(Records shown):
+ + + +

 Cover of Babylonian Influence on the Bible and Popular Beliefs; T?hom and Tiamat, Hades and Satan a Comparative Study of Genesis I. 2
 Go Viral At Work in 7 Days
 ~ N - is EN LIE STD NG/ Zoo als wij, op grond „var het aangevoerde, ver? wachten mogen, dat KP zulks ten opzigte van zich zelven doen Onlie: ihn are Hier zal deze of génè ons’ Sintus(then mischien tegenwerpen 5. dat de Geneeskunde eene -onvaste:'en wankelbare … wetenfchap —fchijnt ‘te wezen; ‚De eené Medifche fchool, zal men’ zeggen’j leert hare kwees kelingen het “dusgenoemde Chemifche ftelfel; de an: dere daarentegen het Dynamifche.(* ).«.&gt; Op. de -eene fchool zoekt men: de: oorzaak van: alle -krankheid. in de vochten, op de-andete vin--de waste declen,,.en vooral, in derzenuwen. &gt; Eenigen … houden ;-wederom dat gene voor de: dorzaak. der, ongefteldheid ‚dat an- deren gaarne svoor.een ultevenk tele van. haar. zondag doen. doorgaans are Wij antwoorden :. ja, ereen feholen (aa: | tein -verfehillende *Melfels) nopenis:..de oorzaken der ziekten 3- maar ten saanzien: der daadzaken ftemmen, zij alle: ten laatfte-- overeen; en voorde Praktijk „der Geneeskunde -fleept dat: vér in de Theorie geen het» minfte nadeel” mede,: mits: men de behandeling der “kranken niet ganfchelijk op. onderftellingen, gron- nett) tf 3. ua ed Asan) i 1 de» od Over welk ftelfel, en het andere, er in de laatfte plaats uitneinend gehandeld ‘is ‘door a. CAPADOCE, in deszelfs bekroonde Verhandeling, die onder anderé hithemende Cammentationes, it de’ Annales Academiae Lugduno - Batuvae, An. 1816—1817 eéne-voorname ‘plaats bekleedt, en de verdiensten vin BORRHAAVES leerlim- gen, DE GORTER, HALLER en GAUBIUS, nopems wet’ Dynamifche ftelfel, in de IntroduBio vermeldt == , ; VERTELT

+ + + +

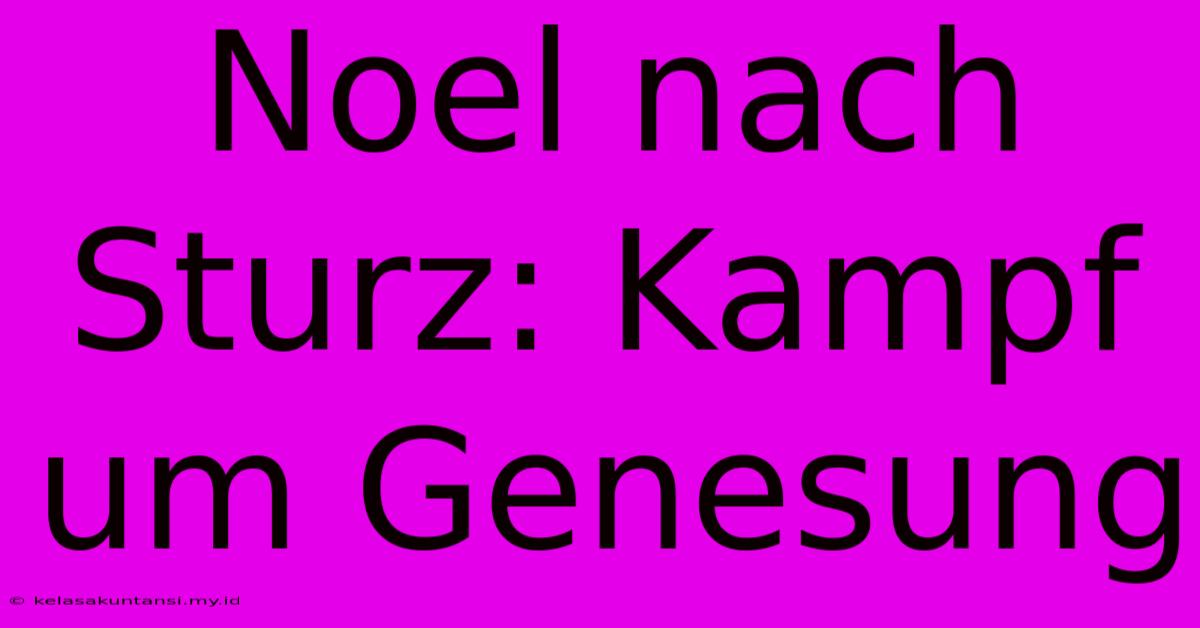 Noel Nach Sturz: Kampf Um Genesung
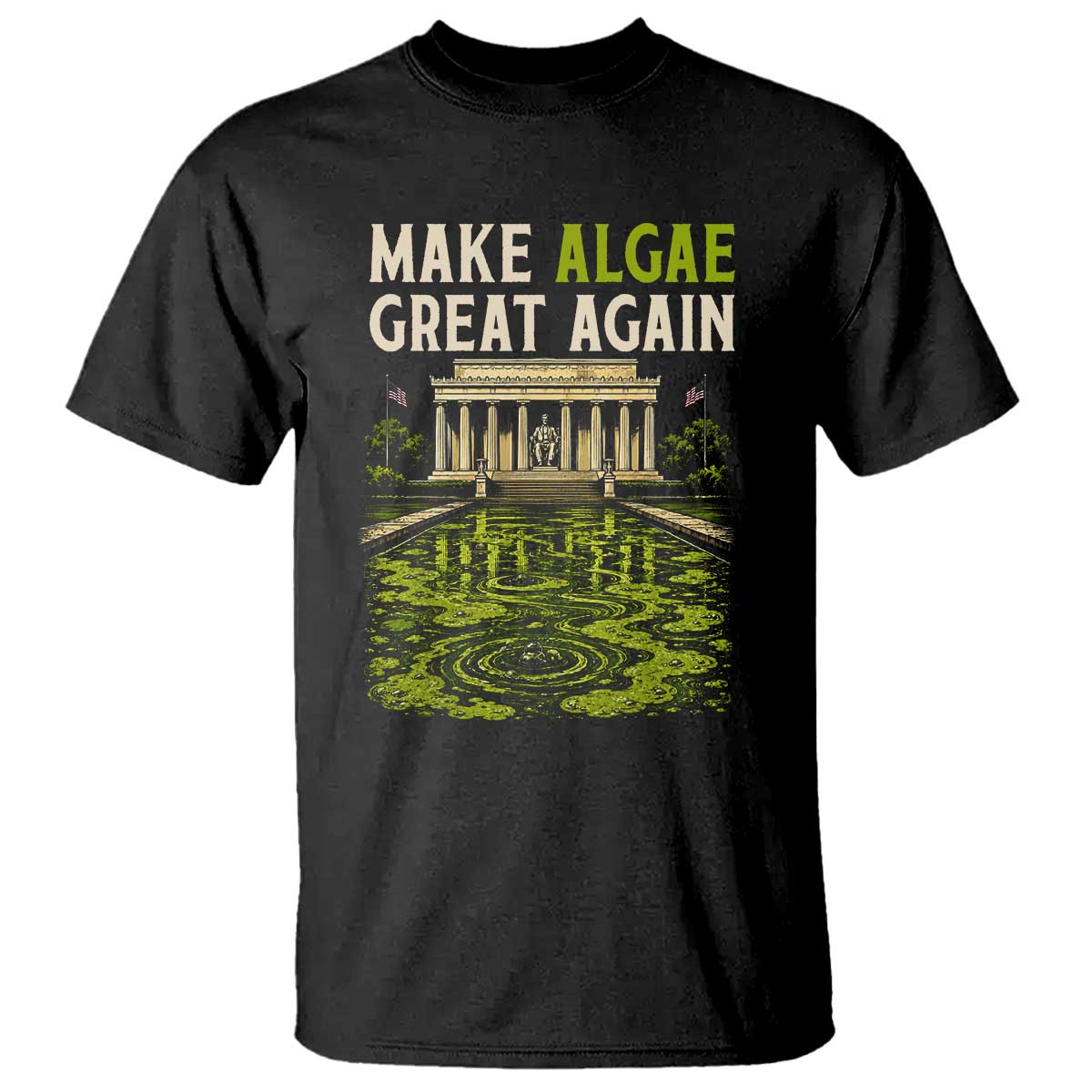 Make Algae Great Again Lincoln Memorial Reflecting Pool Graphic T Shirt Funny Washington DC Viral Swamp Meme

+ + + +

(Problem details): Give back the records above exactly, limited to the lines between the one holding "Cover of Babylonian" and the one holding "Go Viral At Work in 7 Days", inclusive.

(Task output):
 Cover of Babylonian Influence on the Bible and Popular Beliefs; T?hom and Tiamat, Hades and Satan a Comparative Study of Genesis I. 2
 Go Viral At Work in 7 Days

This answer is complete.